CUM RELIGIOSI AEQUE


CARTA ENCÍCLICA

DEL SUMO PONTÍFICE

BENEDICTO XIV

A los Patriarcas, Arzobispos y Obispos de Italia

Venerable Hermano, salud y Bendición Apostólica.

Nos ha sido informado por personas estudiosas y celosas del honor de Dios que sería de gran provecho que en nuestras Basílicas Patriarcales de San Juan de Letrán, San Pedro en el Vaticano y Santa María la Mayor se establecieran ministros que instruyeran a los penitentes, quienes, provenientes de la Dataria Apostólica, acuden a dichas tres Basílicas para cumplir en ellas las obras serviles y laboriosas que se les prescriben (y que deben cumplir antes de que se les conceda la Dispensa Matrimonial, la cual han venido a solicitar a Roma). Dichas instrucciones deberían limitarse a conducirlos a realizar una confesión fructuosa y a recibir dignamente el Sacramento del Altar (lo cual también les es prescrito por la Dataria, además de la visita a las siete Iglesias y la subida a la Escalera Santa).

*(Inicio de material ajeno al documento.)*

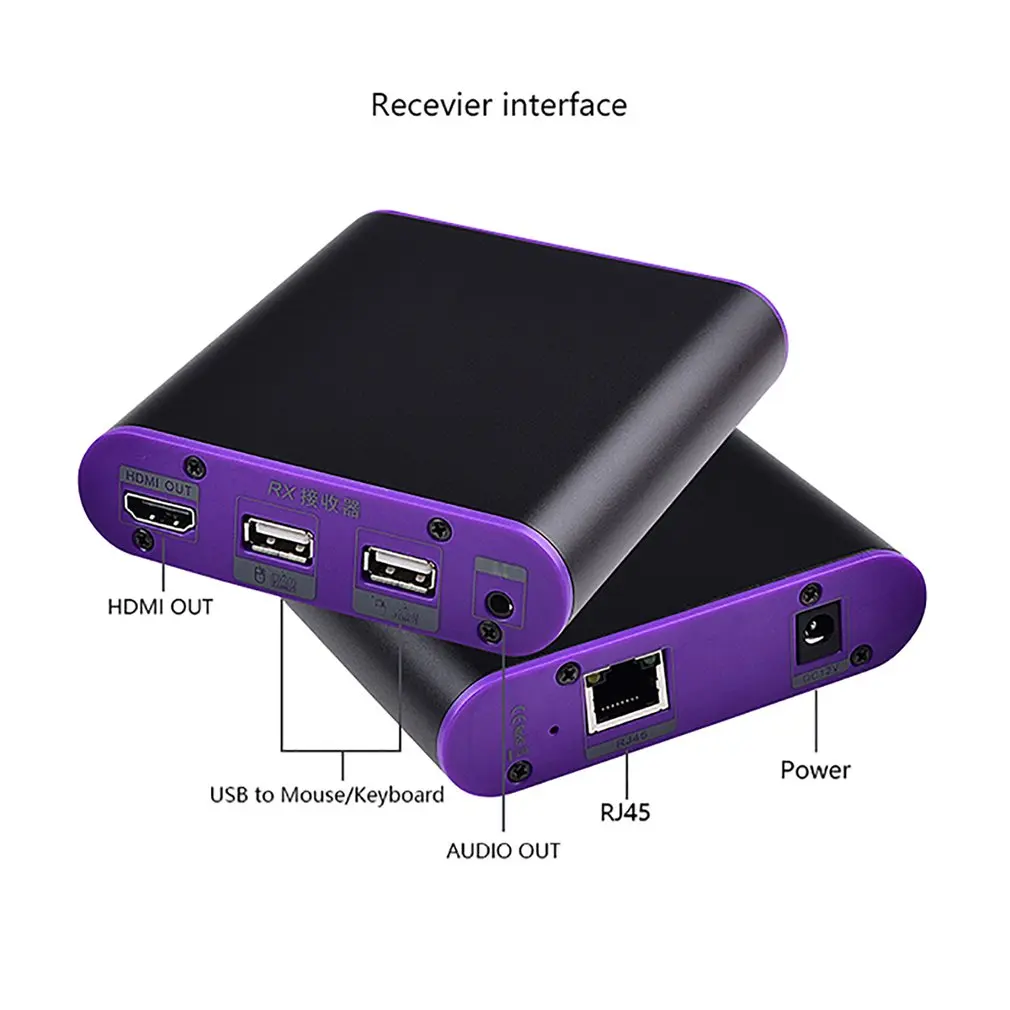 CAT871-KVM 1080p 60 Гц HDMI передатчик и приемник Удлинитель Ethernet cat5e/6 plus/7 для глубокий цвет 3D EDID Dobly DTS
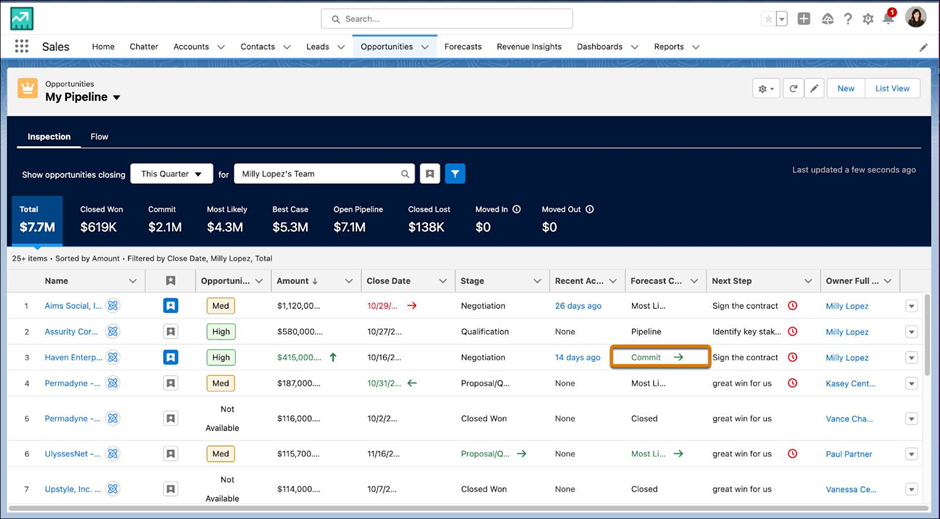 Spring '24 | Sales Cloud Salesforce Spring '24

Habiendo dado Nos las disposiciones oportunas al respecto, como consta en nuestra Carta Encíclica dirigida a los Cardenales Arciprestes de dichas tres Basílicas con fecha 18 de enero del presente año, y habiendo recibido claros informes del celo con el que algunos Canónigos y otros Eclesiásticos de dichas Basílicas se han dedicado infatigablemente a la ejecución de las órdenes dadas, ello nos ha causado una extraordinaria consolación y hemos dado de corazón las debidas gracias al Señor Dios, Autor de todo bien.

1. Sin embargo, nuestra consolación no ha sido completa, pues se nos ha informado que, durante los Catecismos que se están llevando a cabo para preparar a los Penitentes a la Confesión y la Comunión, se encuentran frecuentemente dispensandos ignorantes de los Misterios de la Fe, incluso de aquellos necesarios de modo imprescindible; por lo tanto, no pueden ser admitidos a los Sacramentos.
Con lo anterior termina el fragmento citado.